Gig Economy and the Future of Work
Uber & Lyft’s race to the bottom–an opportunity to redefine work
July 11, 2022
Kevin found Lyft in 2013 after losing his job in the Recession. Initially, the job was exactly what it promised to be. The wages were good and he was able to spend more time with his daughter by only driving when she was in school. After a few months, Uber and Lyft recruited more and more drivers; and, once the hurdle of getting sufficient drivers was surpassed, the companies dropped their driver commissions.
In 2014, Uber claimed that UberX drivers working at least 40 hours a week made $90,766 a year in New York and $74,191 in San Francisco. A contemporaneous Washington Post article, comparing these numbers to the average $30,000 that cab drivers made in the same year, marveled at the “power of Uber” and its “mastery of technology.” Even in 2018, Uber was promising a $2,100 minimum in the first month of driving, and Lyft was promising a $2,500 minimum a month in Los Angeles.

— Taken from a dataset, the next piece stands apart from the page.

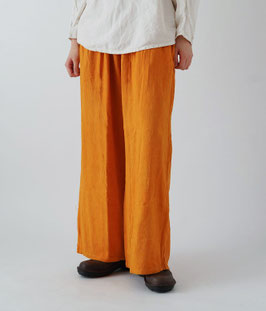 リラックスパンツ厚地　蜜柑　Ｍ(W59)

A study by J.P. Morgan Chase & Co Institute found that, between 2013 and 2017, earnings from rideshare fell by 53 percent. The study attributed the decrease to the “rapid growth in the number of drivers” on the roads. Additionally, companies’ ever-changing compensation structure resulted in unpredictable but gradually decreasing wages. According to Adam, a rideshare driver, companies told drivers that the rate cuts would be a temporary promotion to entice more customers:
“They told us something like it was summer, and they were going to cut rates as a promotion for riders. And they just ended up keeping those rates. And then they did it again and again and again. Their explanation for drivers was: Hey, you get more rides, you get more money. Well, of course, if you work more, you make more. But you have to work like twice as much to make what you made before.”
The change to upfront fares in 2016 did not help drivers either. Since their introduction, drivers have called what Uber has claimed to be a rate-transparency measure nothing but a maneuver to take a larger share of the profits. “They’re doing it to keep you in the blind, the driver in the blind,” said Michael, an original SideCar driver in 2017, “It seems like [the rider is] paying more, but it also seems like the driver is receiving less…. Uber [keeps] the difference.”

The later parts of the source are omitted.